## Task prompt
Beginning with the line that holds "Lazer Dual Output E-Boost Cap - For Sentinel" and ending with the last line, please repeat the entries exactly and omit the pictures.

##### Information given #####

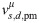 Figure 35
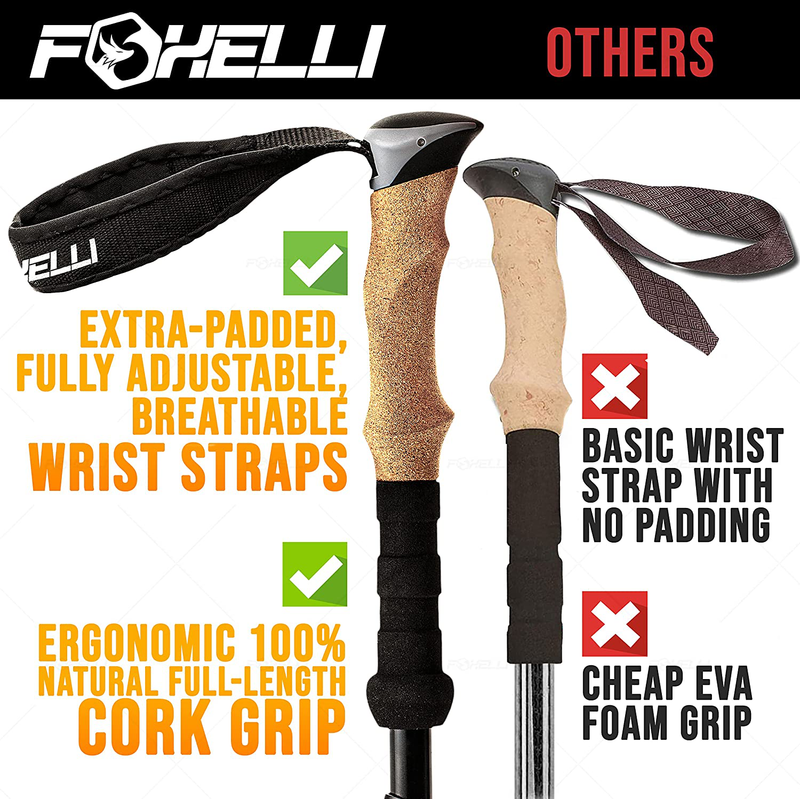 Foxelli Folding Trekking Poles – 2-Pc Ultra Compact Hiking Poles for Men & Women, Lightweight Strong Aluminum 7075 Collapsible Foldable Walking Sticks with Flip Locks, 4 Season All Terrain Accessories Sporting Goods > Outdoor Recreation > Camping & Hiking > Hiking Poles Foxelli   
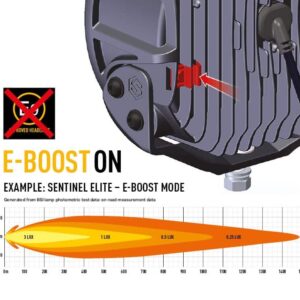 Lazer Dual Output E-Boost Cap - For Sentinel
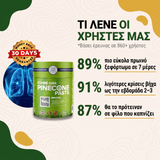 Τι λένε οι χρήστες — στατιστικά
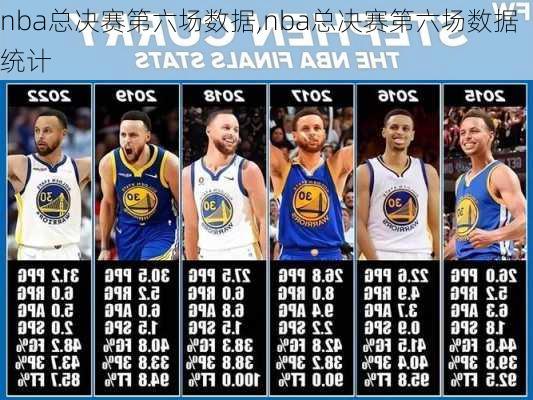 nba总决赛第六场数据,nba总决赛第六场数据统计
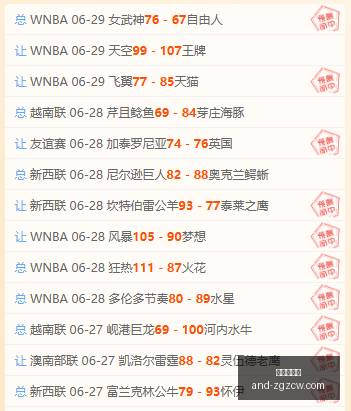 赛季前瞻,美国女子篮,球队夏季战,中国足彩网官网,中国足彩网测评,中国足彩网竞彩,中国足彩网数据,中国足彩网APP
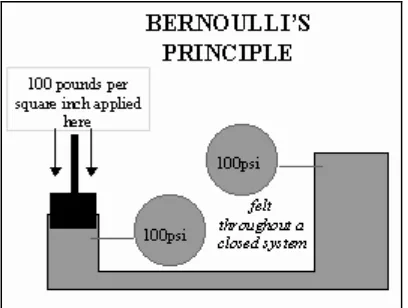 Figure 1.1: Bernoulli’s Principle (Courtesy of the Warfighters Encyclopedia) 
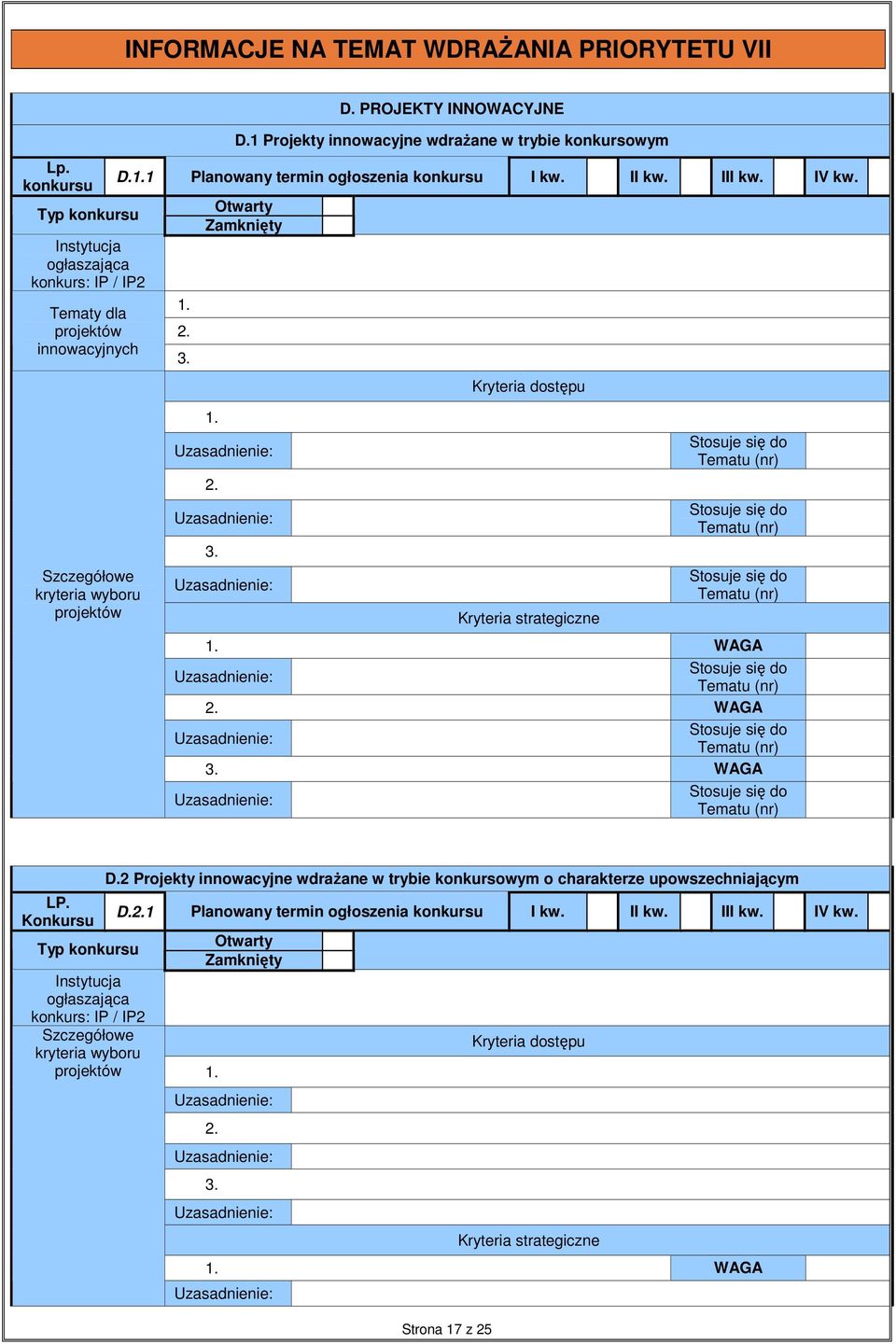 Otwarty Zamknięty Kryteria dostępu Szczegółowe kryteria wyboru projektów 1. 2. 3. Kryteria strategiczne Tematu (nr) Tematu (nr) Tematu (nr) 1. WAGA Tematu (nr) 2. WAGA Tematu (nr) 3.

#####

## Solution to the problem
 Lazer Dual Output E-Boost Cap - For Sentinel
 Τι λένε οι χρήστες — στατιστικά
 nba总决赛第六场数据,nba总决赛第六场数据统计
 赛季前瞻,美国女子篮,球队夏季战,中国足彩网官网,中国足彩网测评,中国足彩网竞彩,中国足彩网数据,中国足彩网APP
 Figure 1.1: Bernoulli’s Principle (Courtesy of the Warfighters Encyclopedia) 
 Otwarty Zamknięty Kryteria dostępu Szczegółowe kryteria wyboru projektów 1. 2. 3. Kryteria strategiczne Tematu (nr) Tematu (nr) Tematu (nr) 1. WAGA Tematu (nr) 2. WAGA Tematu (nr) 3.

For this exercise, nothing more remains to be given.